While excavating a Stone Age burial site in Germany, archaeologists stumbled upon a mysterious “earth tunnel” that someone made in the Middle Ages, thousands of years after the grave was dug, possibly to hide their furtive ritual practices.

At the end of 2025, the German State Office for Heritage Management and Archaeology (LDA) of Saxony-Anhalt was surveying land near the village of Dornberg ahead of a construction project. Archaeologists initially uncovered a trapezoidal ditch from the fourth millennium B.C., several Neolithic burials from the third millennium B.C., and a Bronze Age burial mound from the second millennium B.C., according to a Jan. 29 translated statement.

A large niche in the earth tunnel after the removal of the covering stone. (Image credit: © Landesamt für Denkmalpflege und Archäologie Sachsen-Anhalt, Ulf Petzschmann)

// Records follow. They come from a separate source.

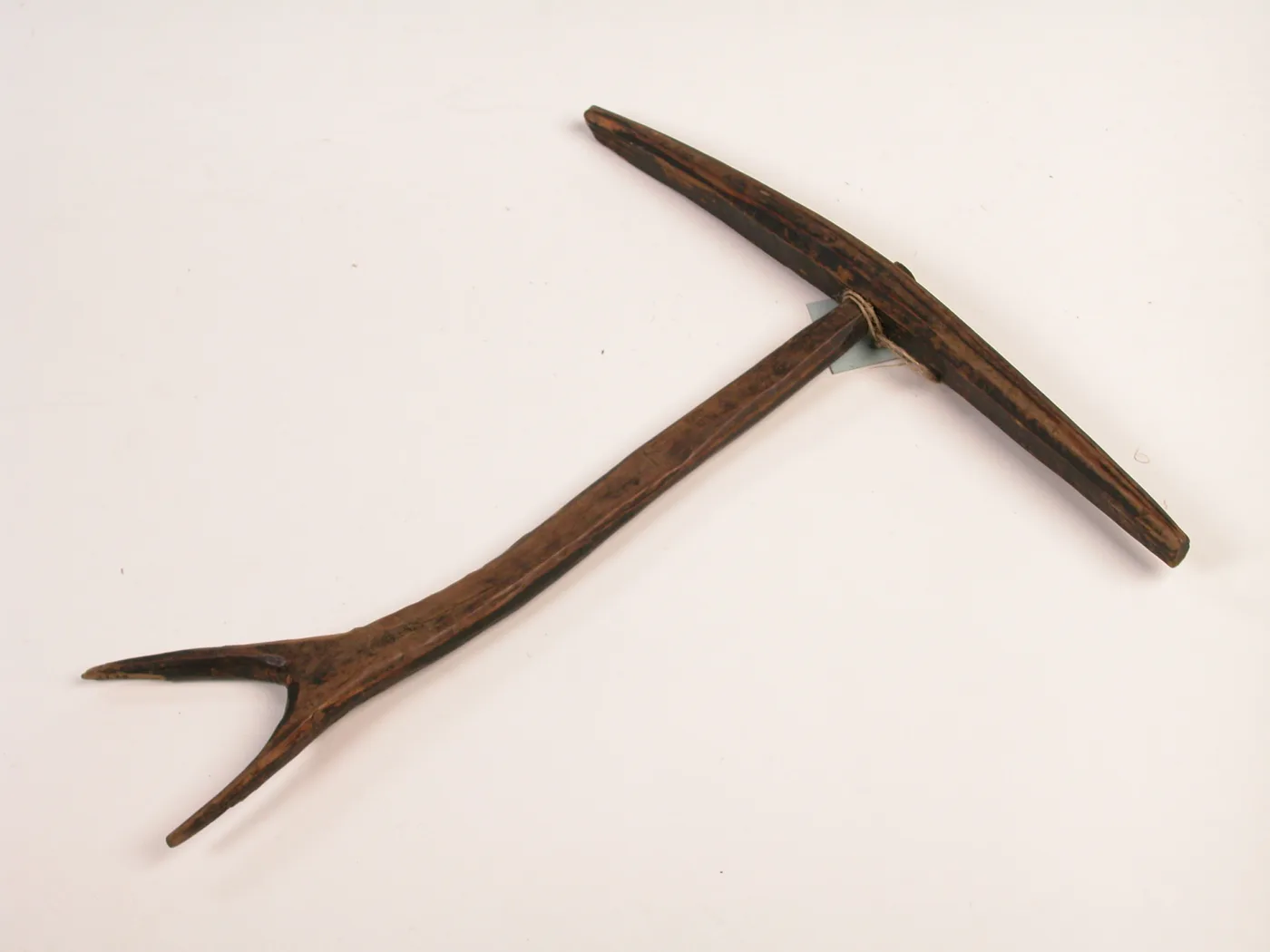 Dark brown wooden tool photographed on white, a central shaft with a crossbar at each end set at right angles to one another, one end forked, with a small museum tag tied to it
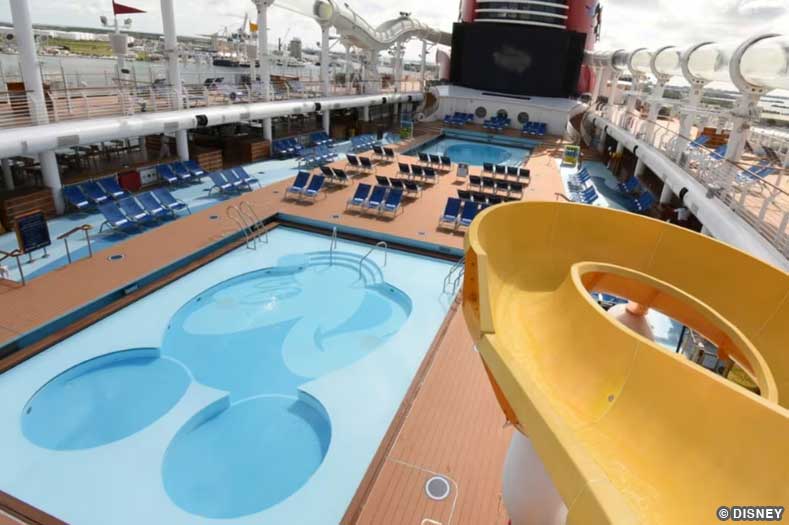 Mickey-shaped pool and bright yellow waterslide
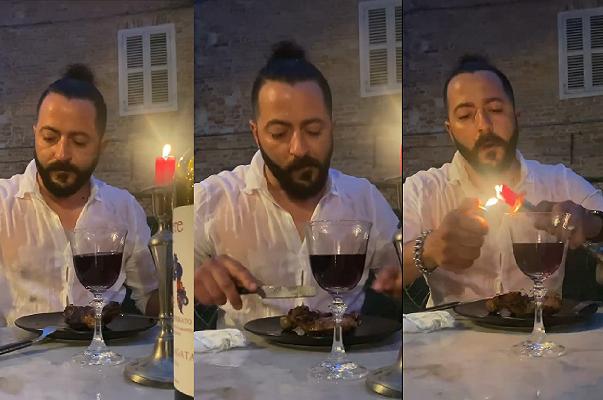 Cena sotto la pioggia: il video ironico di un macellaio di Asti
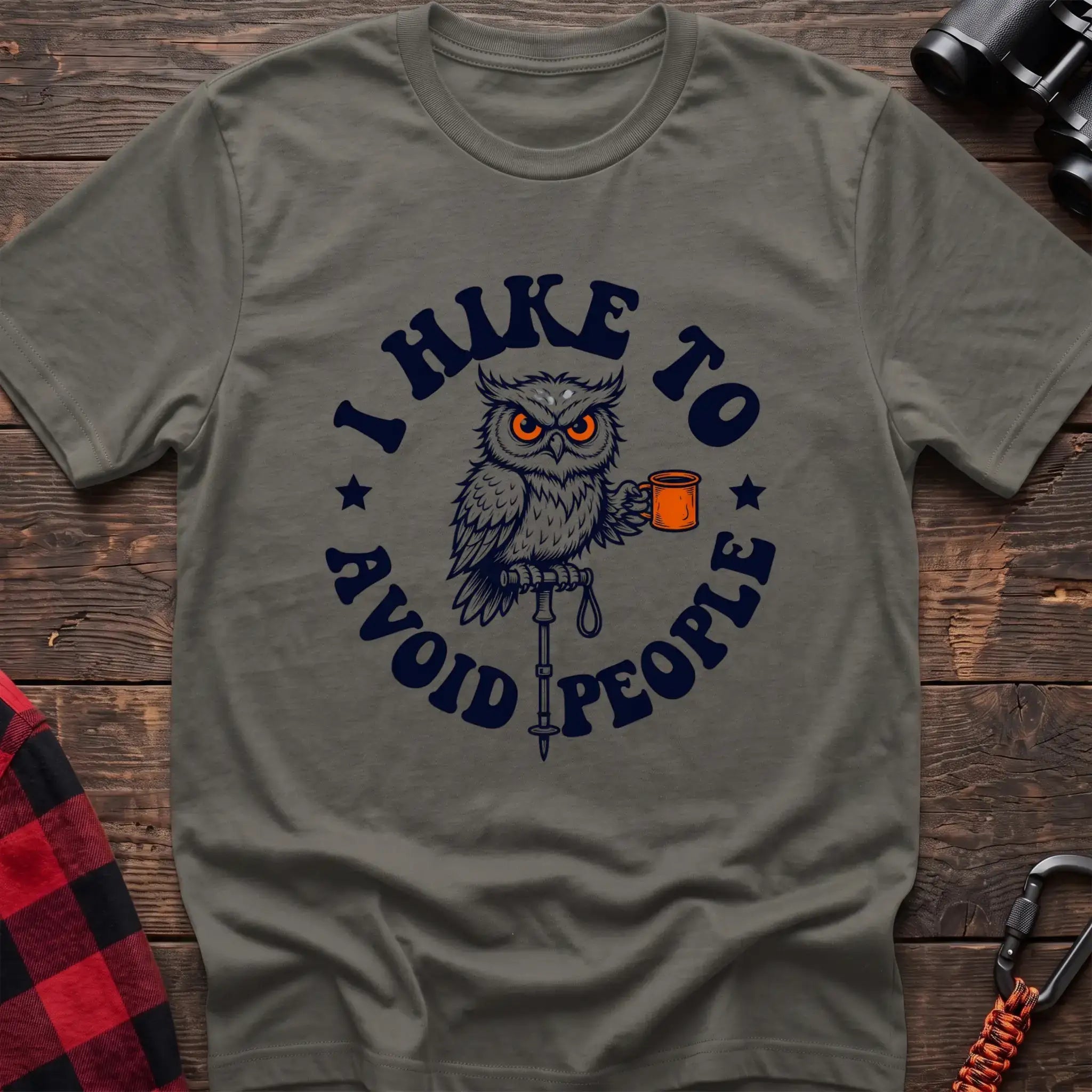 Heather military green t-shirt with owl holding a camping mug on a hiking pole and the text I Hike to Avoid People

According to the LDA, earth tunnels are subterranean systems with chamber-like extensions found in geographical regions with firm but easily workable soil. Hundreds of these systems have been discovered in Bavaria, and all were likely made in the Middle Ages. Archaeologists don’t think anyone ever lived in the underground chambers, but they aren’t sure what these tunnels were used for. Theories range from hiding places to spaces for cultic activity.

Most earth tunnels lack archaeological artifacts. But the newly discovered one contained a metal horseshoe, a fox skeleton, fragments of a globe-shaped ceramic pot, and a layer of charcoal in one of the narrow, curving passages. The entrance to the earth tunnel had been deliberately sealed at some point by a cluster of large stones, the archaeologists determined, perhaps to hide clandestine activity in the tunnel.

a metal horseshoe and fragments of a ceramic pot

Late medieval pottery fragments and a metal horseshoe were found in the earth tunnel. (Image credit: © Landesamt für Denkmalpflege und Archäologie Sachsen-Anhalt, Ulf Petzschmann)

“The question arises as to how to interpret the findings,” LDA researchers wrote in the statement. Taken together, the artifacts suggest someone lit a short-lived fire in the tunnel and deposited some of their belongings. And because the Stone Age trapezoidal ditch was likely still recognizable from above ground even thousands of years later, it may have been known as a sacred space to the medieval person who made the tunnels.

“However, perhaps the site, due to its significance as a pagan grave, was generally avoided by the local population and therefore particularly well-suited as a hiding place,” LDA officials wrote.